Description of standard charsets
Charset Description US-ASCII Seven-bit ASCII, a.k.a. ISO646-US , a.k.a. the Basic Latin block of the Unicode character set ISO-8859-1 ISO Latin Alphabet No. 1, a.k.a. ISO-LATIN-1 UTF-8 Eight-bit UCS Transformation Format UTF-16BE Sixteen-bit UCS Transformation Format, big-endian byte order UTF-16LE Sixteen-bit UCS Transformation Format, little-endian byte order UTF-16 Sixteen-bit UCS Transformation Format, byte order identified by an optional byte-order mark
The UTF-8 charset is specified by RFC 2279; the transformation format upon which it is based is specified in Amendment 2 of ISO 10646-1 and is also described in the Unicode Standard.
The UTF-16 charsets are specified by RFC 2781; the transformation formats upon which they are based are specified in Amendment 1 of ISO 10646-1 and are also described in the Unicode Standard.
- When decoding, the UTF-16BE and UTF-16LE charsets interpret the initial byte-order marks as a ZERO-WIDTH NON-BREAKING SPACE; when encoding, they do not write byte-order marks.
- When decoding, the UTF-16 charset interprets the byte-order mark at the beginning of the input stream to indicate the byte-order of the stream but defaults to big-endian if there is no byte-order mark; when encoding, it uses big-endian byte order and writes a big-endian byte-order mark.
Every instance of the Java virtual machine has a default charset, which may or may not be one of the standard charsets. The default charset is determined during virtual-machine startup and typically depends upon the locale and charset being used by the underlying operating system.
The StandardCharsets class defines constants for each of the standard charsets.
Terminology
The name of this class is taken from the terms used in RFC 2278. In that document a charset is defined as the combination of one or more coded character sets and a character-encoding scheme. (This definition is confusing; some other software systems define charset as a synonym for coded character set.)
A coded character set is a mapping between a set of abstract characters and a set of integers. US-ASCII, ISO 8859-1, JIS X 0201, and Unicode are examples of coded character sets.
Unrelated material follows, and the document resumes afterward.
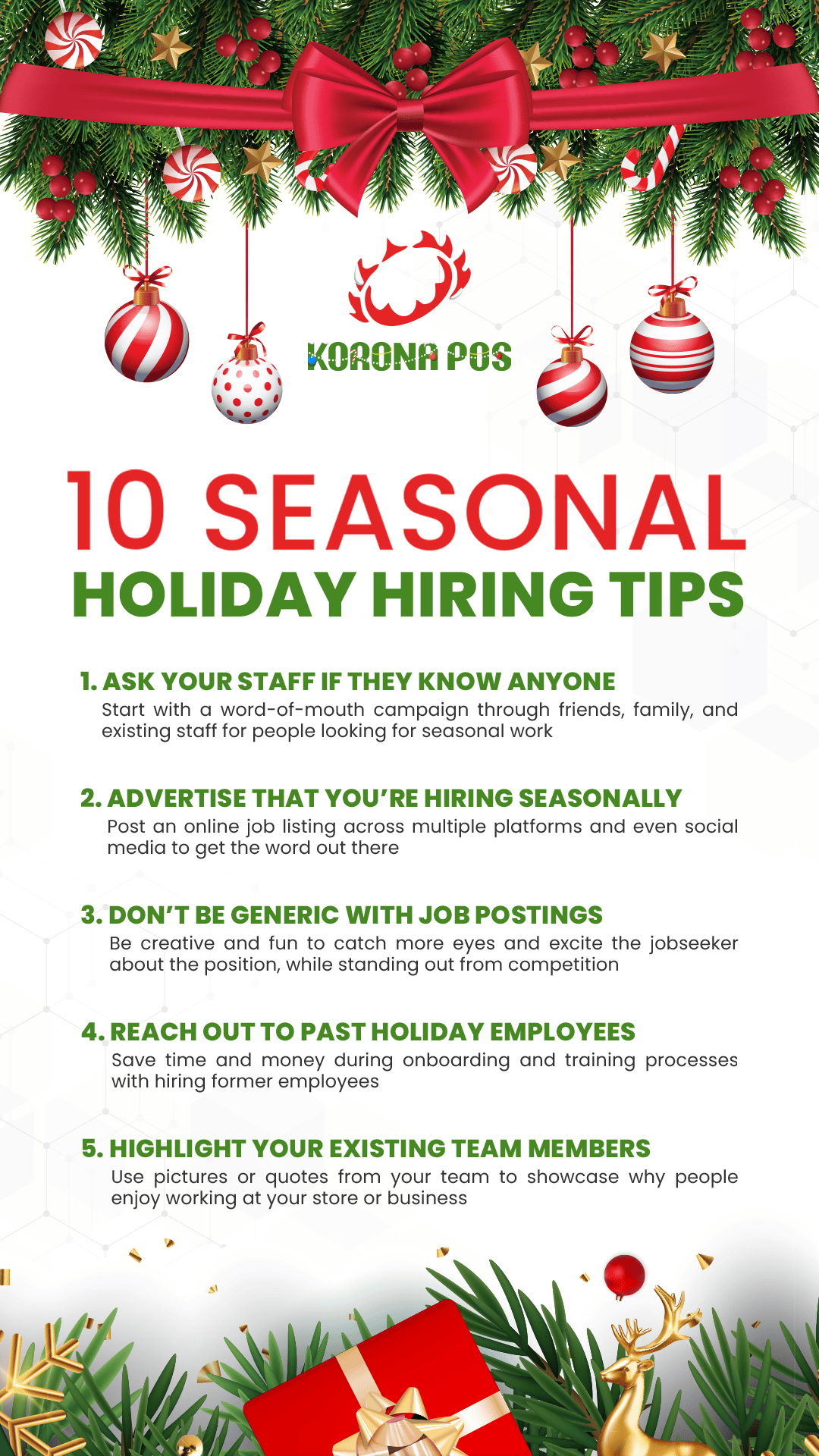 Tips 1-5 on seasonal holiday hiring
Some standards have defined a character set to be simply a set of abstract characters without an associated assigned numbering. An alphabet is an example of such a character set. However, the subtle distinction between character set and coded character set is rarely used in practice; the former has become a short form for the latter, including in the Java API specification.
A character-encoding scheme is a mapping between one or more coded character sets and a set of octet (eight-bit byte) sequences. UTF-8, UTF-16, ISO 2022, and EUC are examples of character-encoding schemes. Encoding schemes are often associated with a particular coded character set; UTF-8, for example, is used only to encode Unicode. Some schemes, however, are associated with multiple coded character sets; EUC, for example, can be used to encode characters in a variety of Asian coded character sets.
When a coded character set is used exclusively with a single character-encoding scheme then the corresponding charset is usually named for the coded character set; otherwise a charset is usually named for the encoding scheme and, possibly, the locale of the coded character sets that it supports. Hence US-ASCII is both the name of a coded character set and of the charset that encodes it, while EUC-JP is the name of the charset that encodes the JIS X 0201, JIS X 0208, and JIS X 0212 coded character sets for the Japanese language.
The native character encoding of the Java programming language is UTF-16. A charset in the Java platform therefore defines a mapping between sequences of sixteen-bit UTF-16 code units (that is, sequences of chars) and sequences of bytes.